Les Assyriens appartenaient à ce second groupe. Dès le VIIIè siècle avant Jésus, ils annexèrent la Galilée, la Transjordanie, puis la Samarie à l’Empire assyrien.
Aussitôt commencèrent les déportations d’habitants : 28 000 Samaritains furent déportés au-delà du Tigre et remplacés par des colons mésopotamiens. Mais Jérusalem restait encore indépendante. La Ville sainte des Juifs ne tombera que sous les coups du roi de Babylone,
Nabuchodonosor (-597). Le roi de Juda partira pour l’exil avec 10 000 de ses sujets, cependant que la ville et le Temple seront pillés une première fois par les vainqueurs. Dix ans plus tard, la ville fut à nouveau saccagée et les Babyloniens multiplièrent les actes de cruauté :
Le roi de Judas, Sédécias, fut contrant d’assister au massacre de toute sa famille, puis on lui creva les yeux avant de l’emmener en exil. Pour échapper au massacre, bon nombre de Juifs s’enfuirent en Egypte, abandonnant Jérusalem qui restera sous la coupe des Babyloniens pendant près de cinquante ans.
L’occupation des Perses qui succéderont aux Babyloniens à partir de -540 se traduira par une libéralisation considérable : les Juifs pourront rentrer en Palestine et reconstruire le Temple de Jérusalem.
La situation se gâtera à nouveau avec l’arrivée des Grecs (-333).
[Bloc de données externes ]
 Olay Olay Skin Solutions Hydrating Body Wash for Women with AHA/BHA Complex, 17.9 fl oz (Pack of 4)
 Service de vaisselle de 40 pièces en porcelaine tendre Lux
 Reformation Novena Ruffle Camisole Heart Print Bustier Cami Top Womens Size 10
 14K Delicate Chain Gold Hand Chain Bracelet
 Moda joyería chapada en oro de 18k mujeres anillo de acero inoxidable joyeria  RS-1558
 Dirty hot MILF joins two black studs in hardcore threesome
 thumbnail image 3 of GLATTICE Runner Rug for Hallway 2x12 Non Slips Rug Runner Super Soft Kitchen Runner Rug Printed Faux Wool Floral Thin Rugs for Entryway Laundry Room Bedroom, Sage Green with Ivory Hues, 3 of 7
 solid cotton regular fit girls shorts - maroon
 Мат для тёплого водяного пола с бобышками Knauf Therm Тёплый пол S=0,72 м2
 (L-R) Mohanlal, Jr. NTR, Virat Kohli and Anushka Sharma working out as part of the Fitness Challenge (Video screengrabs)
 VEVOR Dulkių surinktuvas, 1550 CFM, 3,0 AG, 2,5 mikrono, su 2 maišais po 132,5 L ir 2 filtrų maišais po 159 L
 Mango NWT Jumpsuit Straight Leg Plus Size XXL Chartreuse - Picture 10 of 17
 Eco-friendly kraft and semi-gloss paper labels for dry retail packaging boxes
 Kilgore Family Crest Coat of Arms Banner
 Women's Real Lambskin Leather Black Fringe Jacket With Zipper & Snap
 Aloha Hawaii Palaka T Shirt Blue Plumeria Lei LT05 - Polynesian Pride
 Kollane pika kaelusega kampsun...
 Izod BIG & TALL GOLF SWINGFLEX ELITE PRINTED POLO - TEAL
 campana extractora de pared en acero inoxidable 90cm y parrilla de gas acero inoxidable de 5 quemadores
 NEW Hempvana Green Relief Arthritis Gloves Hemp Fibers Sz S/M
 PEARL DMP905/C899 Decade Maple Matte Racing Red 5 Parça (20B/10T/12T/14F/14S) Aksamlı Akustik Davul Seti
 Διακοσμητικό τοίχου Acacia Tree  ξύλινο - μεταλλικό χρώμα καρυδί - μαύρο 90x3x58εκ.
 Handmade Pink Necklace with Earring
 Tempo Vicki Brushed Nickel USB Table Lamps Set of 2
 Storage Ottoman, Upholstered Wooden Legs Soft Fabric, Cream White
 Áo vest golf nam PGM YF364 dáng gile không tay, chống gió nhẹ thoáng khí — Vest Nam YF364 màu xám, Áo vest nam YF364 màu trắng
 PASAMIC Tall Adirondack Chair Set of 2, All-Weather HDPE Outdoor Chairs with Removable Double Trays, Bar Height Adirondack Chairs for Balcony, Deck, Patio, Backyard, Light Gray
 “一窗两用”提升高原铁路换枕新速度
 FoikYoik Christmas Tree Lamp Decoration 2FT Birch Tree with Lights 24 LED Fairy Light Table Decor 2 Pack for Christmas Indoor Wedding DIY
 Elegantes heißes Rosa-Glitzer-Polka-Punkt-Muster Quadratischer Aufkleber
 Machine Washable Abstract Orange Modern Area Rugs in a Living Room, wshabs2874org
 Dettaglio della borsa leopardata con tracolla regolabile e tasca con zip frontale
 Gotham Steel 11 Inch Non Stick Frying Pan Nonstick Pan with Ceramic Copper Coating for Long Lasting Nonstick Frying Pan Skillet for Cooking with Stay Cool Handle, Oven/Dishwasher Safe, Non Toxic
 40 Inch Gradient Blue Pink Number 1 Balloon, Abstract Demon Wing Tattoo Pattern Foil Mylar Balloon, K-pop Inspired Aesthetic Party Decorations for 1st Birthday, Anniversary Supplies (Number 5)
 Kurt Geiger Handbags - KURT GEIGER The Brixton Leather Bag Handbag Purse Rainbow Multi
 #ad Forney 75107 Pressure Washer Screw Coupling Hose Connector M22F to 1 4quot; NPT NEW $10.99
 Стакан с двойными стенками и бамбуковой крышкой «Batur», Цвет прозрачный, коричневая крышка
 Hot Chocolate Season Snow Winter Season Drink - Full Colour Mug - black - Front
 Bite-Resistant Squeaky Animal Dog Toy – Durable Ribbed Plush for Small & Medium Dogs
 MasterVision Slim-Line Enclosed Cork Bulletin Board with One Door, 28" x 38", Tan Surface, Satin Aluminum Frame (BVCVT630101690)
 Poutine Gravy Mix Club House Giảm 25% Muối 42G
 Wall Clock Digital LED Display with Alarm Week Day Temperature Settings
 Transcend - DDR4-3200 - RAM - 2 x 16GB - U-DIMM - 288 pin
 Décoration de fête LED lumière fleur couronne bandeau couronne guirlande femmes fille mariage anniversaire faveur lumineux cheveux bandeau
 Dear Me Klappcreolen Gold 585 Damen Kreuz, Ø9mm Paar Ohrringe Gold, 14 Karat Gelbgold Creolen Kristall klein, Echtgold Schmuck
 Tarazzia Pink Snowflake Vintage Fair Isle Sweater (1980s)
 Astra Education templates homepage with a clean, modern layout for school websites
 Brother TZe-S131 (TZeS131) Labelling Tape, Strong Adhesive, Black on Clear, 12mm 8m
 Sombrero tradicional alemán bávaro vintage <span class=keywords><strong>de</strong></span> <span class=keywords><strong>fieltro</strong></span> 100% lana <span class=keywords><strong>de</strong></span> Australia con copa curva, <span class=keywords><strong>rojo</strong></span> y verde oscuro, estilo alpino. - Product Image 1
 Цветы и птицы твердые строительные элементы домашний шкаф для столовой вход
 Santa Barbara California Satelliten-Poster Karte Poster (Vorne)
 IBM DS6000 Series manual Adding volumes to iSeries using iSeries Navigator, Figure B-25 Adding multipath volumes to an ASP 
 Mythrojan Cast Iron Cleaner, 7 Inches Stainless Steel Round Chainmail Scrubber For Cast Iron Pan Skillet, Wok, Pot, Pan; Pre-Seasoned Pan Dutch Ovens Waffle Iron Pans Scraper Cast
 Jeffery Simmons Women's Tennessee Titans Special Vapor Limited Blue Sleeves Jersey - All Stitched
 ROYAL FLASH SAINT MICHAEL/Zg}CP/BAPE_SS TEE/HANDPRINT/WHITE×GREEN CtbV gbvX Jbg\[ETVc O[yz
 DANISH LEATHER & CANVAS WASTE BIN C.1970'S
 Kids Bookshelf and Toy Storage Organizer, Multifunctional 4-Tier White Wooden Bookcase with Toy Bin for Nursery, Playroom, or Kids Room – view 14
Les héritiers des généraux d’Alexandre, Ptolémée puis Antiochos III et IV commenceront par déporter plusieurs milliers de Juifs en Egypte, puis ils tenteront d’imposer la civilisation grecque. Quand ils profaneront le Temple, ce sera la révolte des Maccabées et Jérusalem connaîtra quelques dizaines d’années de liberté. Jusqu’à l’arrivée des Romains
En Terre sainte, Rome aura, de peu, précédé Jésus. Il va venir à sa suite, et les nombreuses pages de vers de Péguy, en répétions lancinantes, nous le rappellent :
« Il allait hériter du monde occidental. Et les plis de la vague et des plis du destin… Les pas des légions avaient marché pour lui, Les voiles des bateaux pour lui s’étaient gonflées… Il allait hériter des lourds légionnaires. Sanglés dans la rudesse et la force romaine… Et les pas de César avaient marché pour lui… »
Le pouvoir de Rome n’est pas né d’hier. Tout cela vient de loin. On dit qu’après la chute de Troie, Enée avait abordé dans le Latium, sur le rivage occidental de l’Italie. Son descendant, Romulus, aurait fondé Rome en -753.